La causa judicial por el presunto abuso en el Club Alemán de Mendoza sumó un nuevo episodio luego de que la madre de una de las jugadoras imputadas hablara públicamente para rechazar la acusación y cuestionar el relato de la denunciante. El expediente investiga hechos ocurridos durante un supuesto “bautismo” de bienvenida al plantel superior de hockey, denunciado por una jugadora que en ese momento tenía 16 años.
La madre de una imputada negó el abuso en el Club Alemán
La mujer, cuya identidad se mantiene reservada, aseguró en declaraciones televisivas que los hechos denunciados no constituyeron violencia sexual y sostuvo que la denunciante “distorsiona lo sucedido”.
Según su versión, el ritual de iniciación fue una actividad voluntaria en la que participaron seis jóvenes de entre 16 y 22 años, y afirmó que todas aceptaron formar parte de la bienvenida al plantel.
Además, reconoció la existencia de este tipo de prácticas dentro de algunos equipos deportivos, aunque negó que hayan tenido una finalidad sexual o vejatoria.
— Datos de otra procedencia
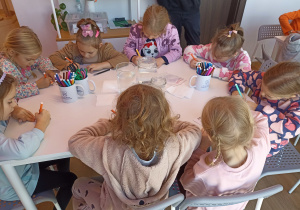 Dzieci tworzą i eksperymentują przy stolikach.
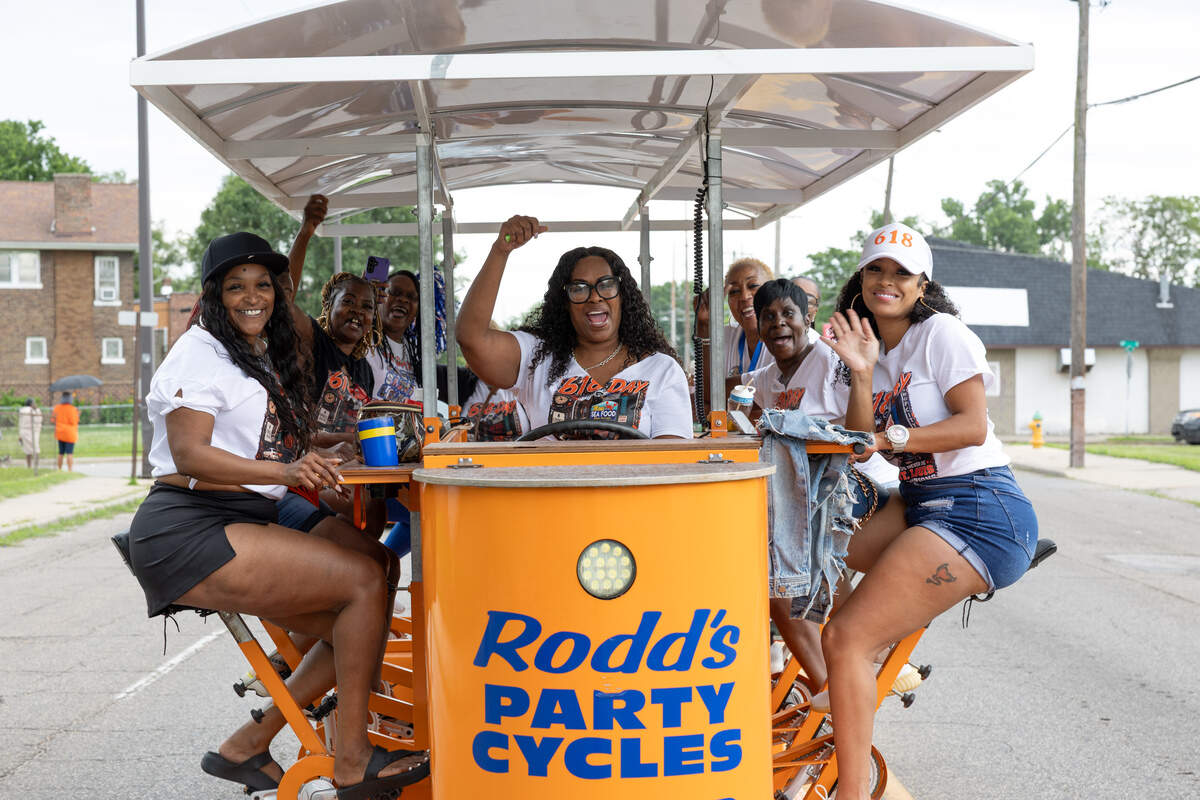 Local residents ride a party cycle, a large contraption where everyone involved pedals to move forward, during a 618 Day/Juneteenth parade in East St. Louis on June 18.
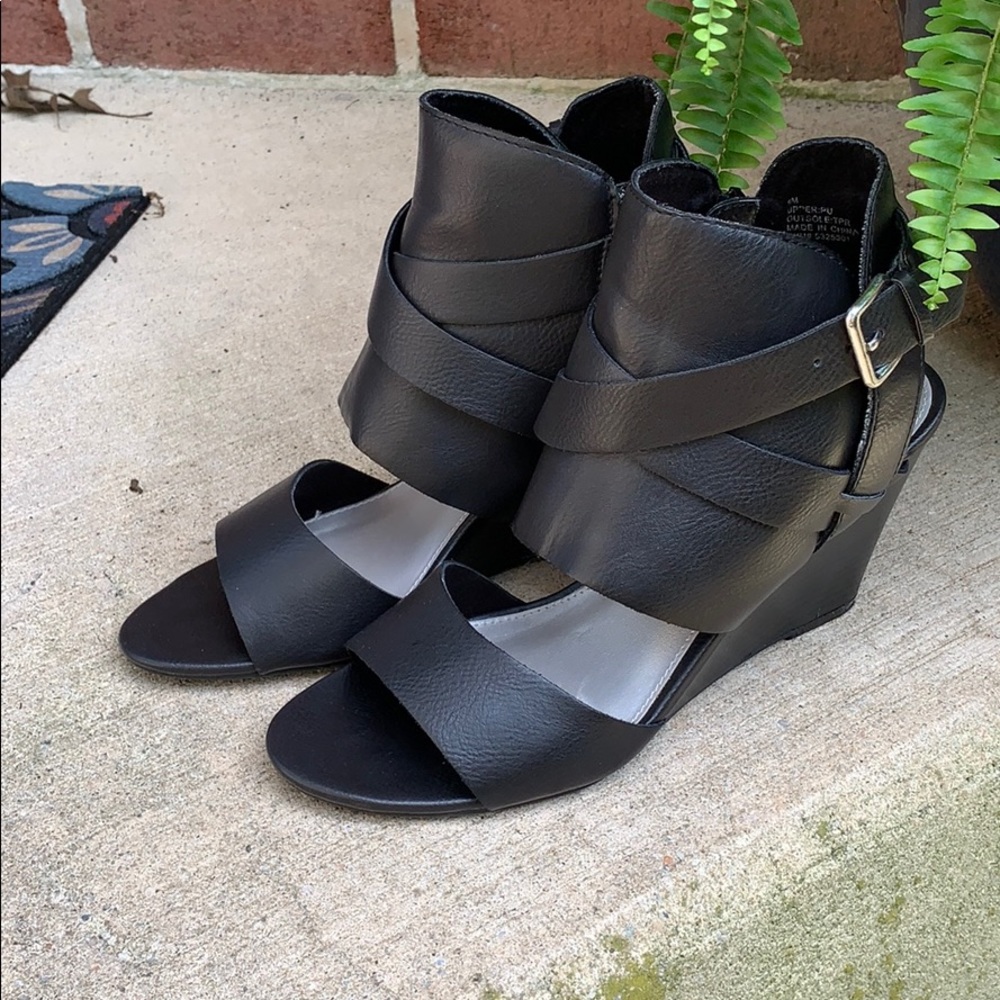 Black leather sandals with wedge heel.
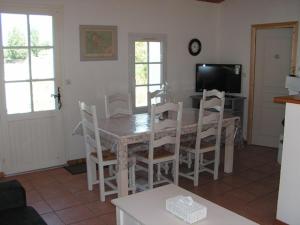 uma cozinha e sala de jantar com mesa e cadeiras em Maison Noirmoutier-en-l'Île, 4 pièces, 6 personnes - FR-1-224B-201 em Noirmoutier-en-l'lle
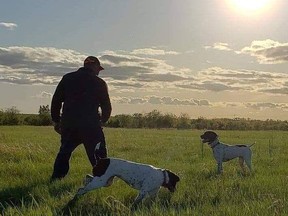 Jeffrey Barrett with his dogs in an open field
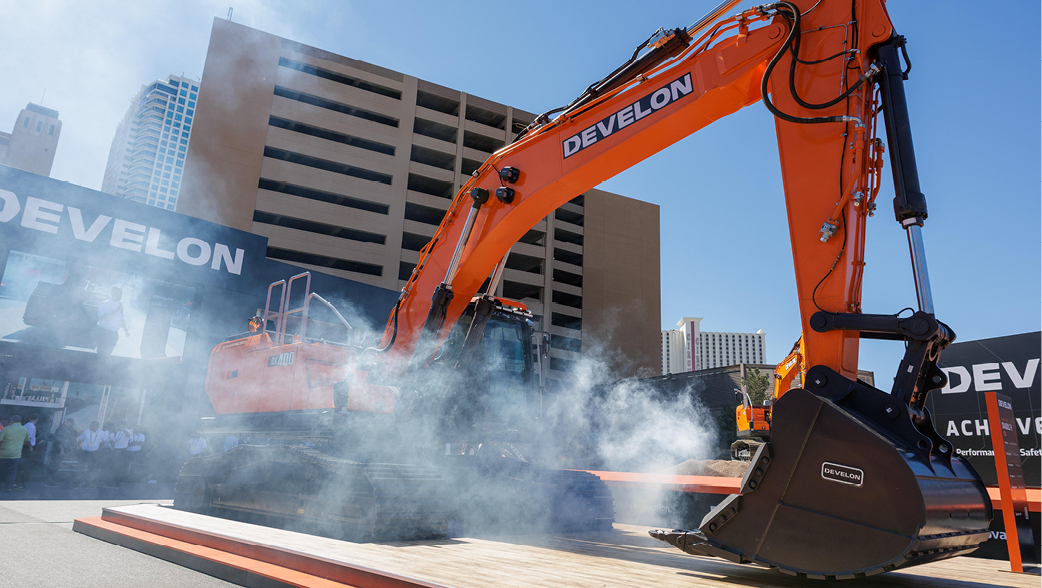 The reveal of the -9 Series DX400LC-9 at the DEVELON booth at CONEXPO 2026.
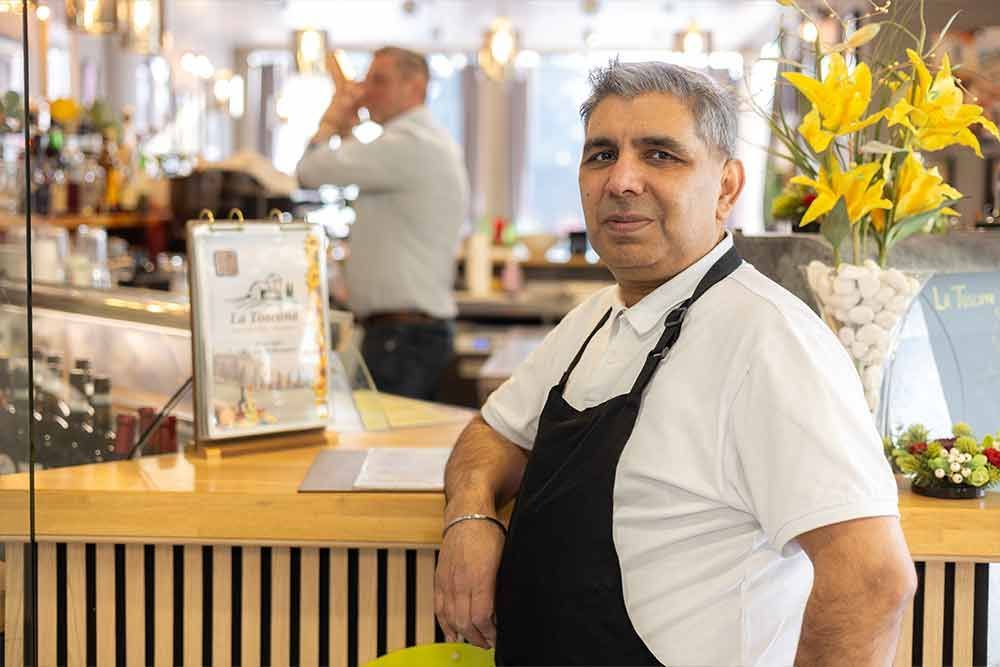 Ein Mann mit Schürze lehnt an einer Bartheke in einem Restaurant. Im Hintergrund ist ein weiterer Mann zu sehen. Gelbe Blumen sind erkennbar.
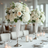 Elegant floral arrangements in crystal vases for a wedding reception setting.
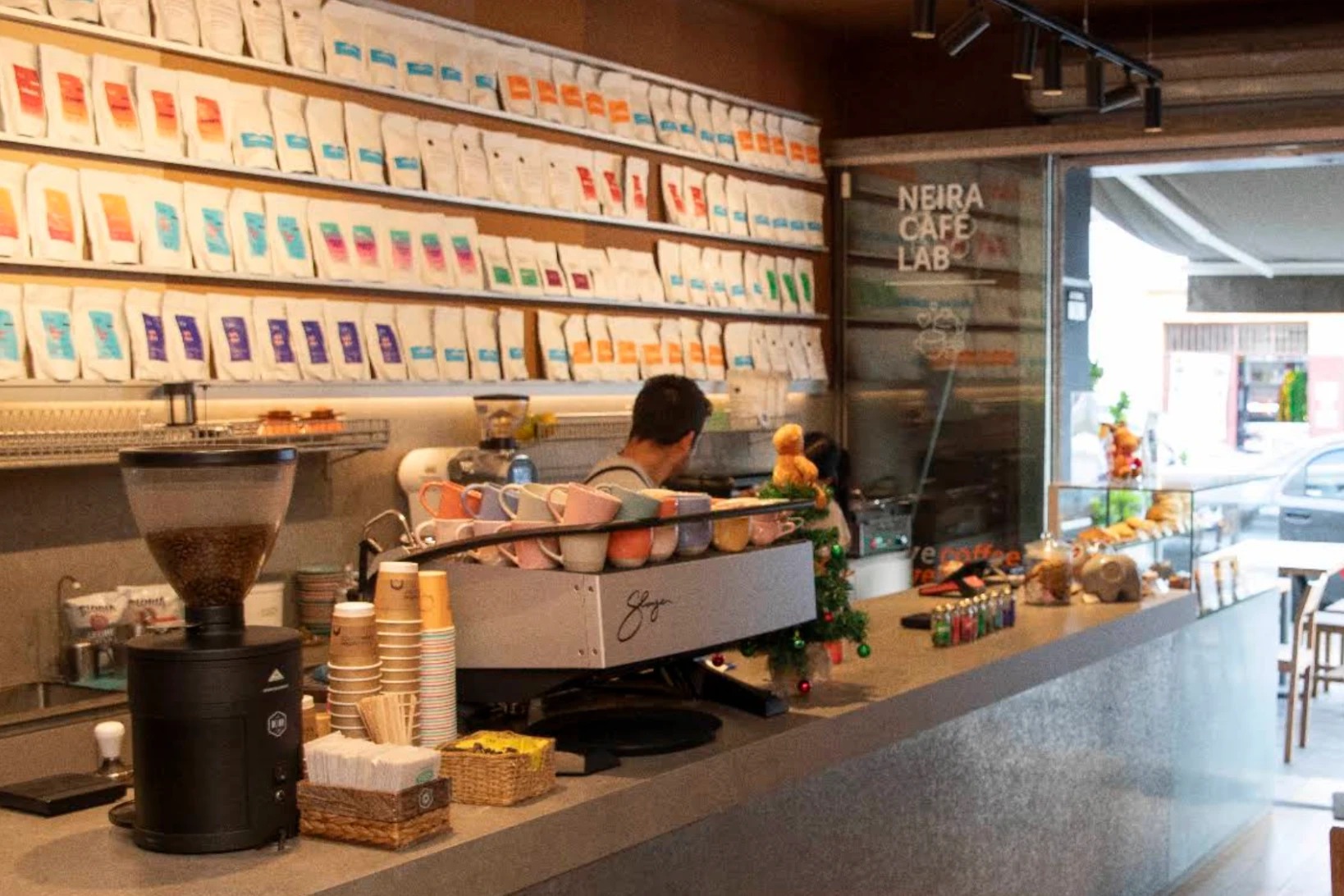 The counter at Neira Cafe Lab with a wall of white coffee bags in coloured labels, a silver espresso machine topped with pastel cups, a grinder and the Neira Cafe Lab lettering on the glass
Qué denunció la jugadora que inició la causa
La denunciante, identificada como María, sostuvo que nunca fue informada sobre la naturaleza del ritual y afirmó que creyó que solo participarían de una actividad recreativa.
De acuerdo con su testimonio, ella y otras cinco debutantes fueron obligadas a desnudarse parcialmente, vendadas y sometidas a distintos actos humillantes y de contacto físico que calificó como abusivos.
La joven relató además que varias jugadoras filmaban la escena con sus celulares mientras se desarrollaba el bautismo y que, al pedir que dejaran de grabar, su reclamo fue desestimado.
También aseguró que durante el episodio se encontraba en estado de shock y que no pudo reaccionar ante la presión del grupo, integrado por jugadoras mayores a quienes admiraba.
Cómo avanza la investigación judicial
Diez jugadoras están imputadas
La Justicia mendocina imputó a diez jugadoras por el delito de abuso sexual simple agravado por la participación de dos o más personas, figura penal que contempla penas de entre tres y diez años de prisión.
Debido a que ninguna de las acusadas cuenta con antecedentes penales y considerando la pena mínima prevista, podrían afrontar el proceso judicial en libertad hasta la instancia de juicio.
Una causa que fue reabierta tras ser archivada
El expediente se originó en abril de 2023, cuando la denunciante formalizó la acusación ante la Justicia.
En una primera etapa, la causa fue archivada por una fiscal al considerar que no existían elementos suficientes para encuadrar penalmente los hechos. Sin embargo, tras la revisión de una instancia superior, se ordenó reabrir el caso y continuar con la investigación.